You are viewing a plain text version of this content. The canonical link for it is here.

Posted to user@flink.apache.org by Pankaj Chand <pa...@gmail.com> on 2019/06/18 07:42:02 UTC

Role of Job Manager

I am trying to understand the role of Job Manager in Flink, and have come
across two possibly distinct interpretations.

1. The online documentation v1.8 signifies that there is at least one Job
Manager in a cluster, and it is closely tied to the cluster of machines, by
managing all jobs in that cluster of machines.

This signifies that Flink's Job Manager is much like Hadoop's Application
Manager.

2. The book, "Stream Processing with Apache Flink", writes that, "The Job
Manager is the master process that controls the execution of a single
application—each application is controlled by a different Job Manager."

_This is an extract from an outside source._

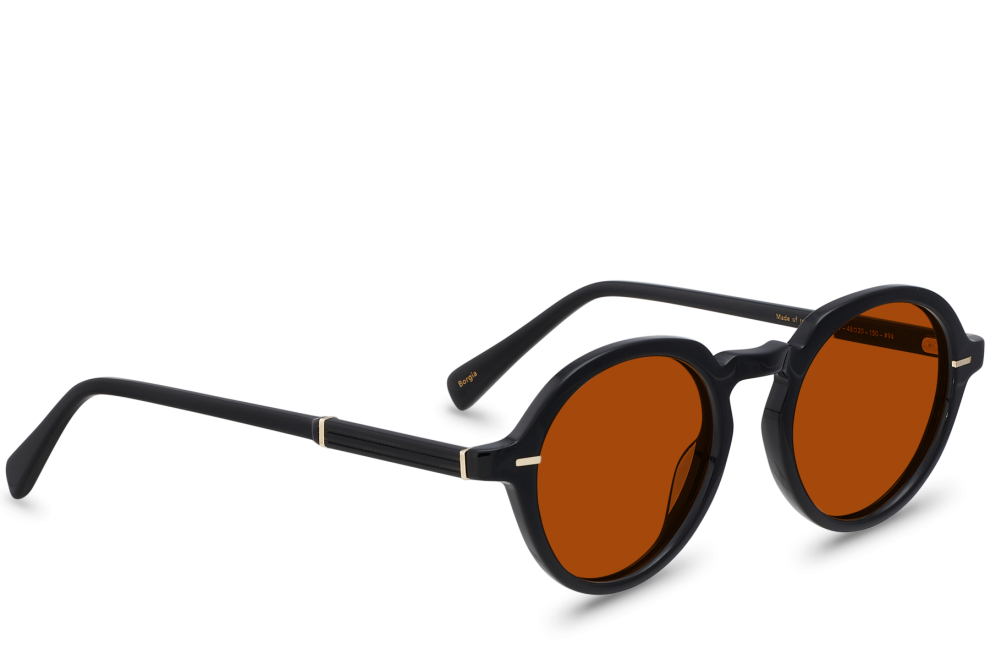 Borgia Black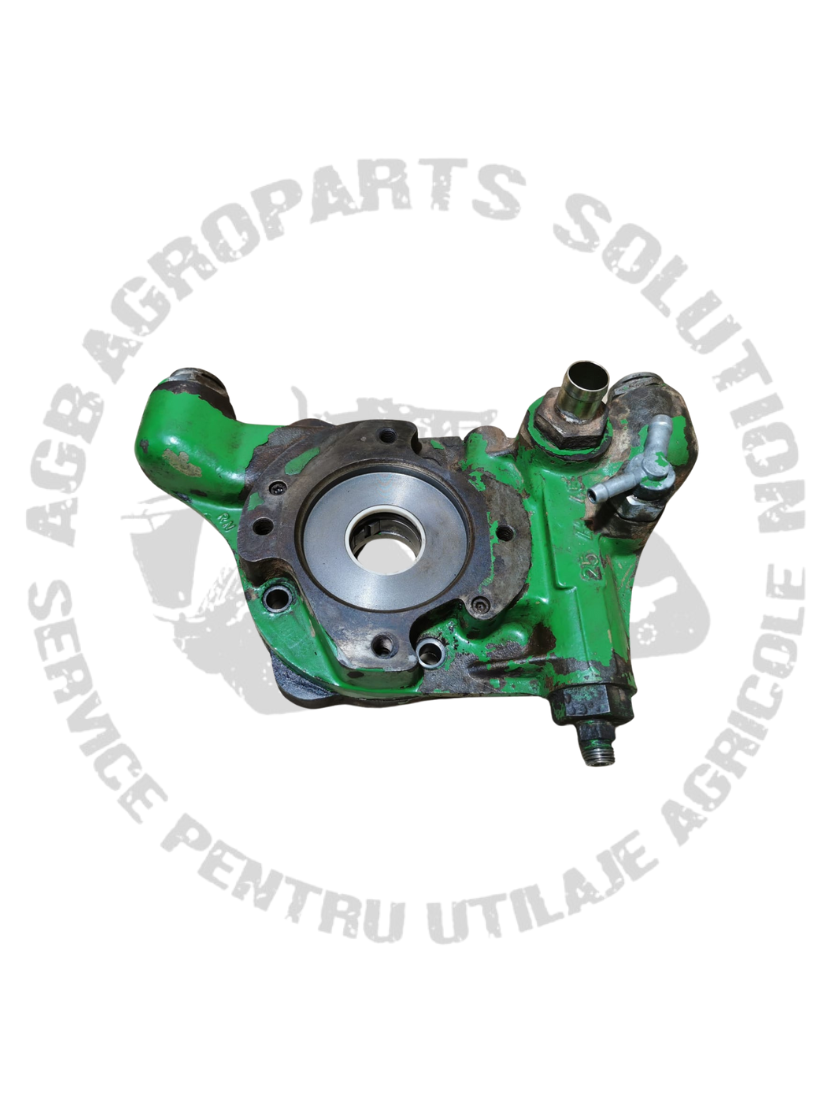 Hydraulic charging pump 25cm3 AL154091 AL112814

This signifies that Flink defaults to one Job Manager per job, and the Job
Manager is closely tied to that single job, much like Hadoop's Application
Master for each job.

Please let me know which one is correct.

Pankaj

Re: Role of Job Manager

Posted by Pankaj Chand <pa...@gmail.com>.

Hi Biao,

Thank you for your reply!

Please let me know the url of the updated Flink documentation.

The url of the outdated document is:
https://ci.apache.org/projects/flink/flink-docs-release-1.8/concepts/runtime.html


Another page which (tacitly) supports the outdated concept is:
https://ci.apache.org/projects/flink/flink-docs-stable/internals/job_scheduling.html


The website that hosts these pages is also the first result that comes up
when you Google Search for "Flink documentation", and it claims it is a
stable version. The url is:
https://ci.apache.org/projects/flink/flink-docs-stable/

Again, please let me know the url of the updated Flink documentation.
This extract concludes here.